This method is tailored for retirees or high-net-worth individuals who do not currently have a regular, recurring stream of income but hold a substantial amount of assets in bank or brokerage accounts. The total assets are divided by a set period (e.g., 60 to 84 months) to hypothetically convert the wealth into a monthly qualifying income. Assets here refer strictly to cash and cash equivalents; real estate is excluded.

7. Foreign Asset / Income

This program is for expatriates and foreign investors who lack a sufficient U.S. income or credit history but hold a job or assets overseas (such as in South Korea). Proof of foreign income or bank balances is translated into English, notarized, and aligned with U.S. mortgage underwriting standards to be formally recognized as qualifying income and down payment funds.

8. No Income No Asset

This is an extremely streamlined program primarily used for purchasing investment properties. The lender completely waives verification of the borrower’s current job income, employment status, and even any post-closing reserve assets beyond the down payment. The file is underwritten solely based on the applicant’s personal credit score and the value of the property being purchased. It typically requires a down payment of 35% or more and a very high FICO score.

9. Asset Utilization

While similar to Asset Depletion, this program uses a different underwriting formula.

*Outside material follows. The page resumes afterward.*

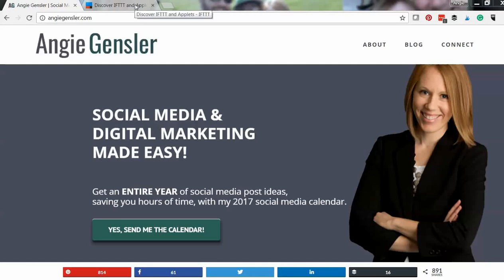Hey guys, in this training I'm going to show you how to use IFTTT. Now IFTTT is a tool that a lot of bloggers and business owners talk about, but when I first got started I was so confused and overwhelmed and had no idea how to use it or what to do.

The lender evaluates the total market value of the stocks, funds, and savings accounts held by a retiree or wealth holder, applies a certain discount rate, and uses the entire lump-sum asset base as evidence of repayment ability. Instead of breaking it down into monthly increments, they approve the loan based on the absolute scale of the assets owned—for example, verifying whether the borrower holds the equivalent of 60 months’ worth of liquid cash. (Caution: Just like Method 6, real estate assets are strictly excluded from the calculation, and only financial assets that can be liquidated immediately are recognized.)